Dev Biol. 1994 Jul;164(1):277-89. doi: 10.1006/dbio.1994.1198.
This manuscript reports on the limb malformations and axial skeleton alterations found in legless fetuses and their heterozygote and wild-type littermates transplacentally exposed to all-trans-retinoic acid via a single intraperitoneal injection on Day 7, 8, 9, 9.5, 10, 10.5, or 11 of gestation. The most surprising aspect of the results was the temporal sensitivity of the legless mouse limb to exogenous retinoic acid. On Day 11, when both fore- and hindlimbs of nonmutant embryos can be made abnormal by retinoic acid and other teratogens, retinoic acid did not increase the frequency or severity of legless hindlimb defects and forelimb malformations were only slightly enhanced. On the other hand, retinoic acid administration on Day 7 exacerbated forelimb malformations in legless fetuses at a time when visible emergence of the affected structure is still 48 hr away. Heterozygote and wild-type fetuses had no limb malformations at this time point. A similar phenomenon was observed with hindlimb malformations after retinoic acid exposure on Day 8 except for a few mild limb malformations in heterozygotes at a high dose of retinoic acid. This early hypersensitivity of fore- and hindlimbs was followed by a period of reduced sensitivity (Day 8 forelimb; Day 9 hindlimb) when even very high doses (50 mg/kg) induced minimal changes in the typical legless malformation pattern. Subsequently, at the time of visible limb bud emergence (Day 9 forelimbs; Day 10 hindlimbs), sensitivity to exogenous retinoic acid was again detected. Surprisingly, the altered malformation patterns induced by retinoic acid in lgl mutants were nearly identical to those from earlier, pre-emergence exposure. A number of axial skeleton alterations were induced in legless fetuses by retinoic acid, especially after exposure on Days 7, 8, or 9. Posterior truncations were particularly noteworthy, showing a graded response in which frequency and severity of truncation were worst in lgl/lgl fetuses; heterozygotes gave an intermediate response, and wild-type fetuses were least affected. This exacerbation of the legless phenotype by exogenous retinoic acid coupled with the similarity between legless and retinoid malformations suggest that the legless mutation has altered endogenous retinoid homeostasis or a downstream retinoid-responsive gene.
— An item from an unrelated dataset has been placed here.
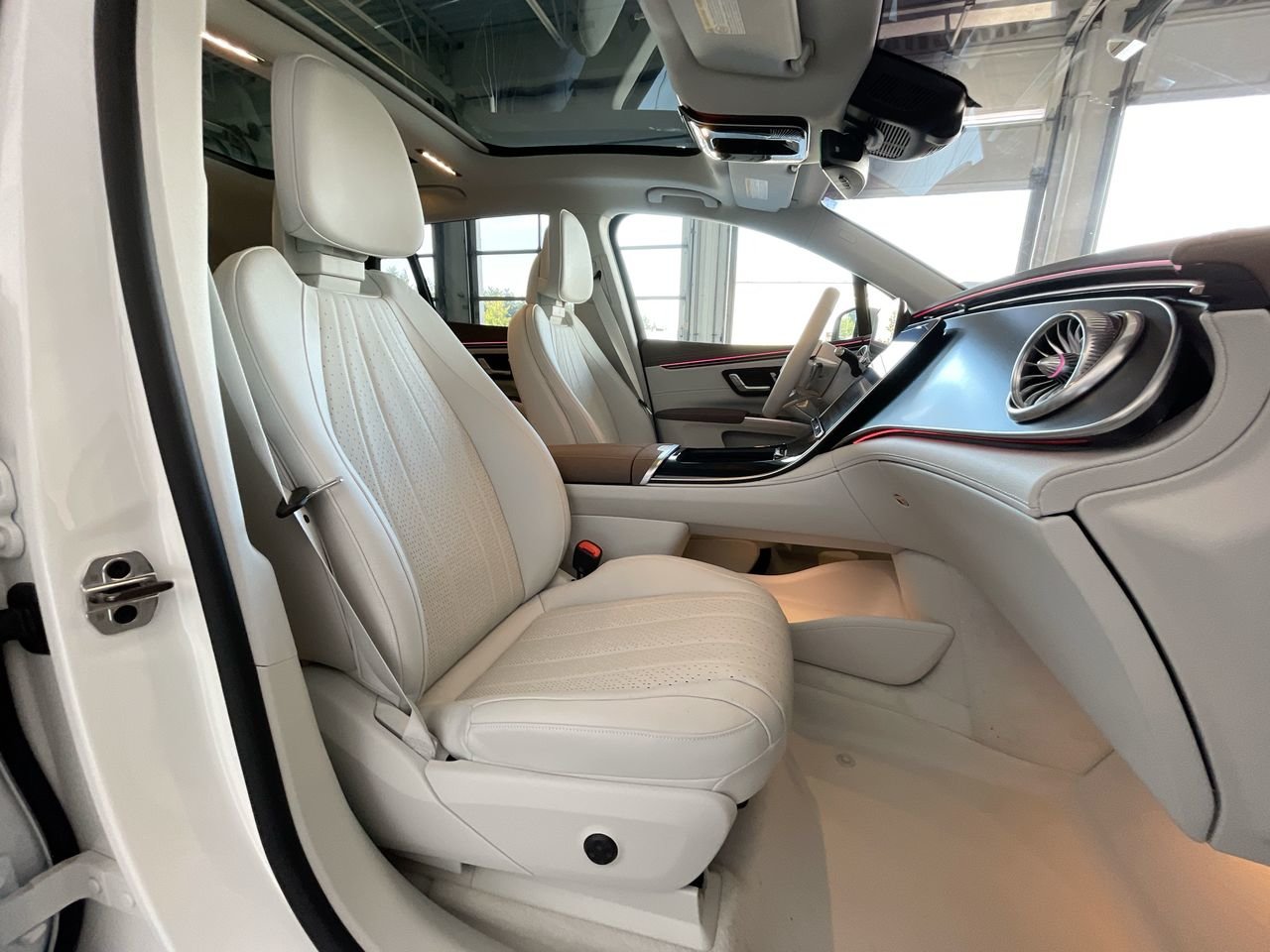 New 2023 Polar White Mercedes-Benz EQS 450 4MATIC image 34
本手稿报告了通过在妊娠第7、8、9、9.5、10、10.5或11天经腹腔单次注射,使无腿胎儿及其杂合子和野生型同窝仔经胎盘暴露于全反式维甲酸后所发现的肢体畸形和轴向骨骼改变。结果最令人惊讶的方面是无腿小鼠肢体对外源性维甲酸的时间敏感性。在第11天,当非突变胚胎的前肢和后肢都可因维甲酸和其他致畸剂而变得异常时,维甲酸并未增加无腿后肢缺陷的频率或严重程度,前肢畸形仅略有加重。另一方面,在第7天给予维甲酸会加剧无腿胎儿的前肢畸形,而此时受影响结构的明显出现仍有48小时之遥。杂合子和野生型胎儿在这个时间点没有肢体畸形。在第8天维甲酸暴露后,后肢畸形也观察到类似现象,只是在高剂量维甲酸作用下杂合子有一些轻微的肢体畸形。前肢和后肢的这种早期超敏反应之后是一段敏感性降低的时期(第8天的前肢;第9天的后肢),此时即使是非常高的剂量(50毫克/千克)也只会在典型的无腿畸形模式中引起最小的变化。随后,在可见肢体芽出现时(第9天的前肢;第10天的后肢),对外源性维甲酸的敏感性再次被检测到。令人惊讶的是,维甲酸在lgl突变体中诱导的畸形模式改变与早期、芽出现前暴露所导致的模式几乎相同。维甲酸在无腿胎儿中诱导了许多轴向骨骼改变,尤其是在第7、8或9天暴露后。后部截断尤其值得注意,呈现出一种分级反应,其中截断的频率和严重程度在lgl/lgl胎儿中最严重;杂合子表现出中等反应,野生型胎儿受影响最小。外源性维甲酸对无腿表型的这种加剧作用,以及无腿畸形与类维生素A畸形之间的相似性,表明无腿突变改变了内源性类维生素A的稳态或一个下游类维生素A反应基因。